*** ENTRIES SHOWN ***

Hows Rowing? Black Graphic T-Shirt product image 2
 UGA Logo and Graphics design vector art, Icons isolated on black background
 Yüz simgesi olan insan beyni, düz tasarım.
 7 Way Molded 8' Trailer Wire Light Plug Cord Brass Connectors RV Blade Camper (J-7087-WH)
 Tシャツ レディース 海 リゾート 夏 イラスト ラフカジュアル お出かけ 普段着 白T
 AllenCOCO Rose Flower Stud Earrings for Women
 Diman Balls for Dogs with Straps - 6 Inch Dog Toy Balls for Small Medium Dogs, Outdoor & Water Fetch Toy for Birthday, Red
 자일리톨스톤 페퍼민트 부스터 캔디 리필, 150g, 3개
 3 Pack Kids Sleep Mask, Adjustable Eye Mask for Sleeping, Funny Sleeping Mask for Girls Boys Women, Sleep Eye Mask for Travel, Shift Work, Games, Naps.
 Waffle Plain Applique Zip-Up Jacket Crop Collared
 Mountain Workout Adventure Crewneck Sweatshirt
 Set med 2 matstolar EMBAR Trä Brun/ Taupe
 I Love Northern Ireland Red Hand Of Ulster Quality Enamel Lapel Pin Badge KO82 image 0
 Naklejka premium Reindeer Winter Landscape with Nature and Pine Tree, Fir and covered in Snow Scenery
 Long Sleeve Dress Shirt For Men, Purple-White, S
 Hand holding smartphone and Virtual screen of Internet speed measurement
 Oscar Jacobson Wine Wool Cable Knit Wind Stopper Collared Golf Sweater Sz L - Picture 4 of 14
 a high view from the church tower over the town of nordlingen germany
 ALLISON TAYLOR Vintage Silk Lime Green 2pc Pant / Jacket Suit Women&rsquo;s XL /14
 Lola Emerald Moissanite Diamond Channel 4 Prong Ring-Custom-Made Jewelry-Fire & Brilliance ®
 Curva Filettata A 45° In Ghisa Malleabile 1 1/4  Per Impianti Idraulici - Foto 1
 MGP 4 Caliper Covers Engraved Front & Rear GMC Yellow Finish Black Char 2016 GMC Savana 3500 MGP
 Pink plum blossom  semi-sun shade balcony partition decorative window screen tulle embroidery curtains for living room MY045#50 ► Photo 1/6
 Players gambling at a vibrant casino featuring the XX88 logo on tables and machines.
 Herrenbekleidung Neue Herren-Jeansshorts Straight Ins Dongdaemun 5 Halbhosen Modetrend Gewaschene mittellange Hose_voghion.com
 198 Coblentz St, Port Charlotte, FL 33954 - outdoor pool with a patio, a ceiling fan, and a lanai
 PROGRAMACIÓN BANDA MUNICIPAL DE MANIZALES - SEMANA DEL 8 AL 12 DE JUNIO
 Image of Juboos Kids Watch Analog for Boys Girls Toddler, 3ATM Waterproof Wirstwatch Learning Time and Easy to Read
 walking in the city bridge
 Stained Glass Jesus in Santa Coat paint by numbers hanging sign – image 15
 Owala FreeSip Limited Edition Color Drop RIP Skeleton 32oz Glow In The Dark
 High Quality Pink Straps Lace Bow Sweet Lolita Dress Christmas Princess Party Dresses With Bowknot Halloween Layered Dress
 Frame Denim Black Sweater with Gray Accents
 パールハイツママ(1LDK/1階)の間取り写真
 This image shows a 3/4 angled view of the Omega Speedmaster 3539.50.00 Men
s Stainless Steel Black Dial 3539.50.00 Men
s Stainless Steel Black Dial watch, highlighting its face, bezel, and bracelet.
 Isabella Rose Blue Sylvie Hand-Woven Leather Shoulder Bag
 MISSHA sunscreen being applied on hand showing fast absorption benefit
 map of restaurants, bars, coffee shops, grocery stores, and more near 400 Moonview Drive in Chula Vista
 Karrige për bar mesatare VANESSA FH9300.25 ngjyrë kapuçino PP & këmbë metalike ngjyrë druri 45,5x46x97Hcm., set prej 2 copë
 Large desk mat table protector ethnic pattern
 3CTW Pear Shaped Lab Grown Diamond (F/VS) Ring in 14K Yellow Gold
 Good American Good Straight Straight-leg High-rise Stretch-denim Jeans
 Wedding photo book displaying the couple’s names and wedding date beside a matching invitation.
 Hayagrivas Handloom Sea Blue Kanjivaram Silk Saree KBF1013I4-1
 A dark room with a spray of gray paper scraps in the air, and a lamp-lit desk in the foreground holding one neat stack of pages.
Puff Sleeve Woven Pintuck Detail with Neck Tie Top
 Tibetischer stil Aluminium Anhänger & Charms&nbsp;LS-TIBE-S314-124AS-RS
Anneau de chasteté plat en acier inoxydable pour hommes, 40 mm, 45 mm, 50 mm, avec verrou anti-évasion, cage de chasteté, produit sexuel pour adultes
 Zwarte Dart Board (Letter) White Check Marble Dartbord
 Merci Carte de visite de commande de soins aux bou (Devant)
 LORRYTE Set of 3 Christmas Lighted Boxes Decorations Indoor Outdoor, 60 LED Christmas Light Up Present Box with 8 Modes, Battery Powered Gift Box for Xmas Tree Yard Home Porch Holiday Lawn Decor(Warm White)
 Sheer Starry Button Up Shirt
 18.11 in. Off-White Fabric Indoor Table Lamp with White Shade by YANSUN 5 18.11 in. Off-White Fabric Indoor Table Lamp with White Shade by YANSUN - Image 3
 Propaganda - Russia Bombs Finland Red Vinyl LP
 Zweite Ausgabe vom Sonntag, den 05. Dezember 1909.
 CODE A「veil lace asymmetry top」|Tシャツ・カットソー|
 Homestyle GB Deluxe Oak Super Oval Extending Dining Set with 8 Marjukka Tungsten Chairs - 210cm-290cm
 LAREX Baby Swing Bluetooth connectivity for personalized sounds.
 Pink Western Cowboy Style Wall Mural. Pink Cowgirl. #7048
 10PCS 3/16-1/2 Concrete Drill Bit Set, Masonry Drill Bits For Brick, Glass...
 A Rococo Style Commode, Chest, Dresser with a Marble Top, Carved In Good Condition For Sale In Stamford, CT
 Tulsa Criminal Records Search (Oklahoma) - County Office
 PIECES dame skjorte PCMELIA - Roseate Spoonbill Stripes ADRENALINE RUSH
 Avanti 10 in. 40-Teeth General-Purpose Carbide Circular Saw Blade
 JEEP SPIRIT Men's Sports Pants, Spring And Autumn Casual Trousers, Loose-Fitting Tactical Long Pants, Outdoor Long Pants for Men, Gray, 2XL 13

*** End of ENTRIES SHOWN ***

(WHAT IS BEING ASKED) An exact copy is needed of the closing lines of the entries above, counting from the one that contains "Propaganda - Russia" and including it and the last.

(TASK RESPONSE)
 Propaganda - Russia Bombs Finland Red Vinyl LP
 Zweite Ausgabe vom Sonntag, den 05. Dezember 1909.
 CODE A「veil lace asymmetry top」|Tシャツ・カットソー|
 Homestyle GB Deluxe Oak Super Oval Extending Dining Set with 8 Marjukka Tungsten Chairs - 210cm-290cm
 LAREX Baby Swing Bluetooth connectivity for personalized sounds.
 Pink Western Cowboy Style Wall Mural. Pink Cowgirl. #7048
 10PCS 3/16-1/2 Concrete Drill Bit Set, Masonry Drill Bits For Brick, Glass...
 A Rococo Style Commode, Chest, Dresser with a Marble Top, Carved In Good Condition For Sale In Stamford, CT
 Tulsa Criminal Records Search (Oklahoma) - County Office
 PIECES dame skjorte PCMELIA - Roseate Spoonbill Stripes ADRENALINE RUSH
 Avanti 10 in. 40-Teeth General-Purpose Carbide Circular Saw Blade
 JEEP SPIRIT Men's Sports Pants, Spring And Autumn Casual Trousers, Loose-Fitting Tactical Long Pants, Outdoor Long Pants for Men, Gray, 2XL 13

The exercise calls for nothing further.